The US Presidential Coin Series
Posted by Allison on 4 April 2009, 10:13
If you know anything at all about American currency, you'll probably have heard that the Americans are not the most ardent fans of the dollar coin. Why this is the case is not quite clear – some think it's because ten dollars worth of coins in your pocket is a lot more awkward and heavy to carry than ten one dollar bills.
The introduction of the dollar coin was also done differently in America than it was when the pound coin was introduced in Britain. Over here, the pound coin was introduced and the pound note was immediately withdrawn, so Britons had no choice but to accept it.
This isn't the case in America though. They have done it differently so that both the dollar bill and the dollar coin are still in circulation. What this means is that Americans still have something of a choice in what they use – which has led the United States Mint to take drastic steps to make sure the dollar coin becomes more popular with Americans in general.
That's why the Presidential Coin Series was introduced, and while it started last year in 2007 there has undoubtedly been more information about it this year as the next set of coins are released.
So what is the idea behind these coins?
Basically four separate dollar coins will be released every year, so it will be one every three months. Each one will feature one US President from the beginning of their history in the 1700s right up to Gerald Ford's presidency in the late seventies.
More recent presidents may also be included beyond that, but it is expected that the only presidents to be featured will be those who are no longer alive. Mind you with the rate that the coins are being released Gerald Ford's image won't be seen on a dollar coin until 2016 anyway, so those American's who want to collect all the coins will have a way to go before they get anywhere near the current set of planned releases.
But are they making any difference to public opinion about the much despised dollar coin? After all that is the main reason for doing all this in the first place.
To try and get at the answer, we should look at how these coins can be used. They have been released into general circulation so people should become familiar with them, the idea being that this will encourage them to look out for the dollars to see the different issues each bearing a different US president from the past.
But it is also assumed that many people – not just coin collectors – will want to get hold of and keep one of each of the coins as and when they are released. But it seems hard to believe that this will encourage people to like and start using the dollar coin more and more as a result.
The big question is why the US government doesn't just decide to get rid of the one dollar bill altogether, just as the British government did when it took the unpopular decision to take our beloved pound note away from us. We hated it at the time but now we have simply got used to the pound coin, purely because we had to. So why doesn't the US government go the same way?
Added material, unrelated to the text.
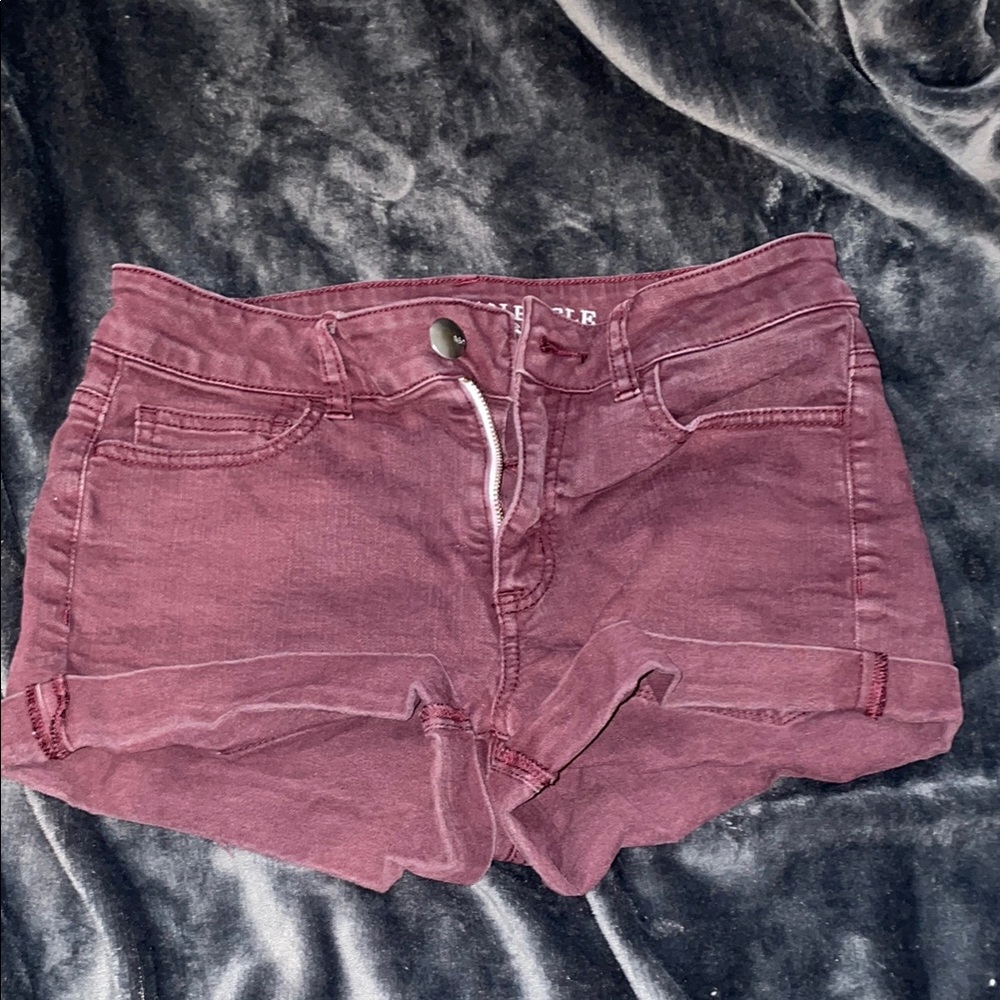 Women's Burgundy Shorts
It does seem to be an odd situation when you really think about it. The powers that be know that the dollar bill is highly preferable to the dollar coin as far as the American public is concerned. But the government would much rather have the coin than the bill – and surprise surprise, the reason for this is money itself. It costs far more to make bills than it does coins, and even though the paper money is actually made from cotton threads it doesn't last anywhere near as long as the coins do.
If you think that the Presidential coins are the first time that the US government has decided to raise the profile of their much derided dollar coin you would be wrong. They've tried it on other occasions as well – and each one has failed dreadfully. As the old saying goes, you can lead a horse to water but you can't make it drink – and the American government certainly can't make their people love the dollar coin if they don't want to.
So will this long series of releases be the trigger that finally makes a difference? It will be interesting to see whether or not the dollar bill is still around when we get to the year 2016, but many suspect it still will be.
In reality, unless the US Mint recalls all the dollar bills and withdraws them from being legal tender, thereby forcing everyone to revert to the coins, it doesn't seem very likely that people will decide to go over to the coin through personal choice. In America, as in many other countries, people tend to be very protective of the currency they use every day and they don't like too much change – in all meanings of the sentence!
With all that said though, the new Presidential dollar coins do look impressive. No doubt they will find their way into many personal collections rather than into tills and pockets in general, but the designs are great to look at. Each President is depicted as a head and shoulders portrait in the centre of the coin, with their name running around the top edge and what number president they were along with the years they held the office running along the bottom edge of the coin. The opposite side features the iconic image of the Statue of Liberty.
So for example, the most recent release at the time of writing was the coin to commemorate the Presidency of James Monroe, the fifth President of the United States who served between 1817 and 1825. This went into circulation in February 2008.
The other aspect of this overall release that is a little puzzling is the fact that each one is only available for a few weeks. If the US government was really serious about getting as many of these coins into the pockets and purses of Americans everywhere, surely they would release more of them to try and raise their profile a bit more?
Whatever the reasons are behind the timing and availability of each coin, one thing is certain. The dollar bill isn't going anywhere anytime soon. In reality it would actually be a major job (with an equally major expense) to try and get rid of it, because apparently American vending machines aren't designed to take dollar coins. The government might push for this to change if they did think seriously about withdrawing that dollar bill, and it would certainly be interesting to see what the results of that would be.
So for the next eight years at least, we can look forward to seeing what each former President who is no longer with us will look like immortalised on the back of a dollar coin. It's certainly an honour – but one suspects they will be restricted to coin collections rather than anything else.